The effects of subtotal thyroidectomy (THx) and subtotal thyroidectomy with replacement of thyroxin (THx+T4) in Sugen-chronic hypoxia (SuHx) rats on a) plasma T4 level, b) right ventricular systolic pressure (RVSP), c) pulmonary vascular resistance index (PVRI), e) right ventricular diameter, measured in diastole (RVID/d), f) right ventricular hypertrophy (right ventricular weight over left ventricular plus septal weight, or RV/LV+S), g) stroke index and h) cardiac index. d) The relationship between plasma T4 levels with RVSP. Data are presented as mean±se (n=5–8). *: p<0.05 versus control; #: p<0.05 versus SuHx; ¶: p<0.05 versus SuHx-THx.
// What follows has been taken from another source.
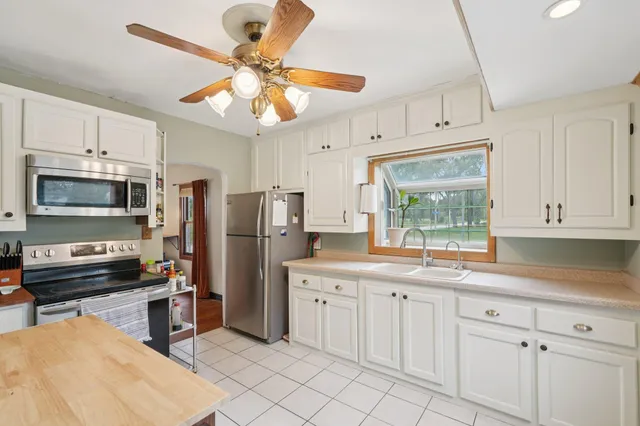 $289,900 | 10526 West Congress Street, Wauwatosa, WI 53225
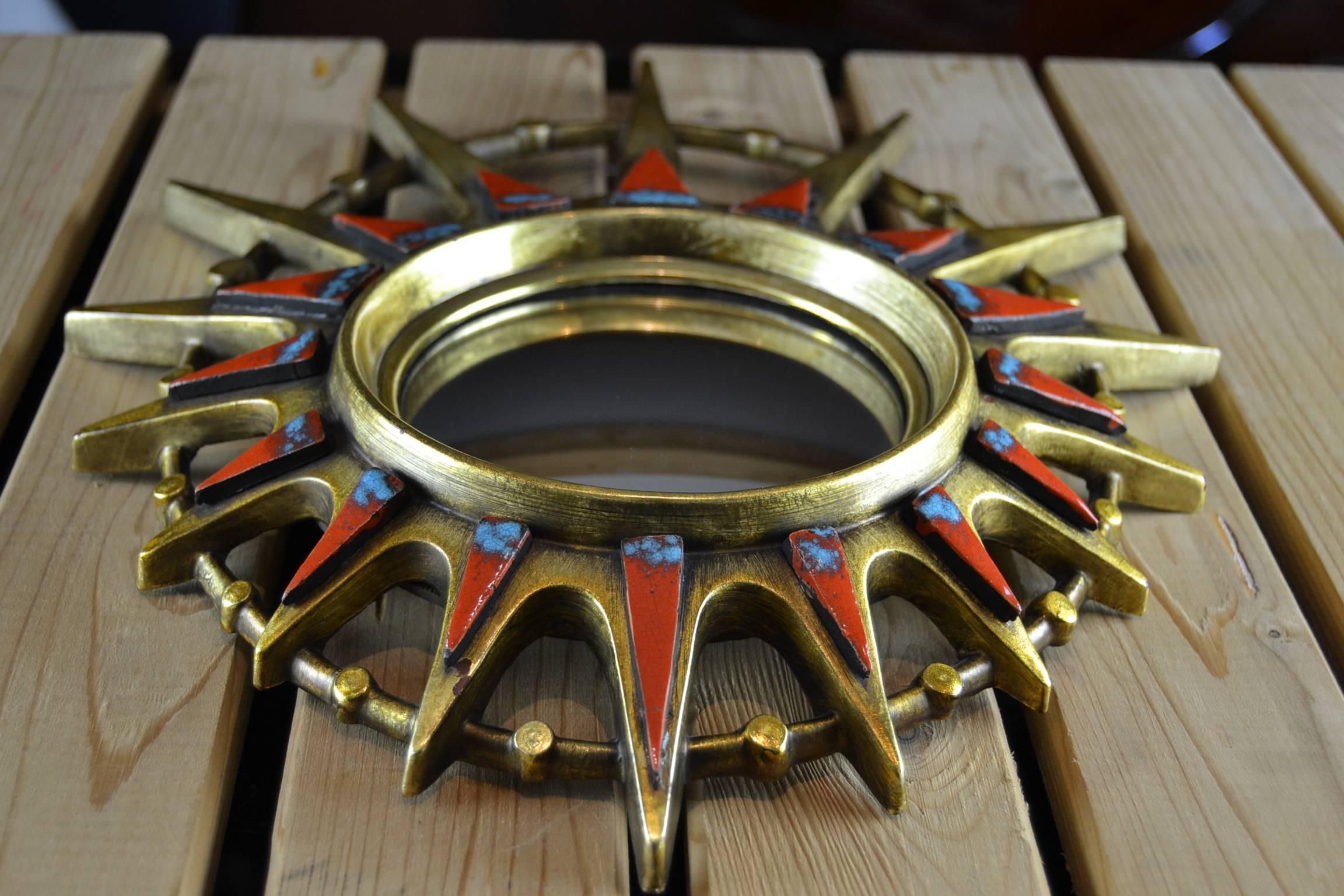 Mid-20th Century Oval Gilded Sunburst Mirror with Blue and Red Ceramic Details In Excellent Condition In Antwerp, BE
a–f) Representative photomicrograph of haematoxylin and eosin stained lung sections of a, b) Sugen-chronic hypoxia (SuHx) rat, c and d) SuHx rat with thyroidectomy (THx) and e, f) SuHx rat with thyroidectomy plus thyroxin (T4) replacement. a, c, e) Scale bar=500 μm; and b, d, f) scale bar=100 μm. g) The percentage of small pulmonary arteries (<80 μm in diameter) classified as patent, partially patent and fully obliterated. h) The relationship between the percentage of patent vessels and right ventricular systolic pressure (RVSP). *: p<0.05 versus percentage of patent vessels in SuHx with thyroidectomy rats' lungs; #: p<0.05 versus percentage of patent vessels in SuHx rats' lungs; ¶: p<0.05 versus percentage of partially obliterated vessels in SuHx rats' lungs; +: p<0.05 versus percentage of partially obliterated vessels in SuHx with thyroidectomy rats' lungs; §: p<0.05 versus percentage of fully obliterated vessels in SuHx rats' lungs. Data are presented as mean±se (n=3–5).
The effect of thyroidectomy on hypoxic pulmonary vascular remodelling
Persistence of a certain degree of medial wall thickening after thyroidectomy (fig. 2) suggested that the lack of thyroid hormone mainly affected the obliteration of lung vessels in thyroidectomised SuHx rats. To determine whether thyroid hormones also affect the degree of muscularisation, we subsequently exposed normal and thyroidectomised rats to chronic hypoxia alone (a model of medial wall thickening but not vascular occlusions), without concomitant SU5416 administration (fig. 3). Thyroidectomy decreased media wall thickness and lowered RVSP after hypoxic exposure, but the reduction in PVRI was statistically not significant and was not associated with a reduced RV hypertrophy. Chronic hypoxic exposure led to an expected increase in haematocrit of 20–30% and this increase was not affected by thyroidectomy.
Subtotal thyroidectomy (THx) in rats exposed to chronic hypoxia (Hx) led to a) a decreased right ventricular systolic pressure (RVSP) and b) a trend towards a lower pulmonary vascular resistance index (PVRI), whereas c) right ventricular weight indexed for left ventricular plus septal weight (RV/(LV+S)), d) stroke index and e) cardiac index remained the same. Media wall thickness (MWT) as percentage of external diameter (ED) of small- and medium-sized pulmonary vessels was reduced after thyroidectomy. Data are presented as mean±se (n=5). g) and h) are representative images of small lung vessels. Scale bars=20 μm. *: p<0.05 versus Hx. p-Erk: phosphorylated extracellular signal-regulated kinase.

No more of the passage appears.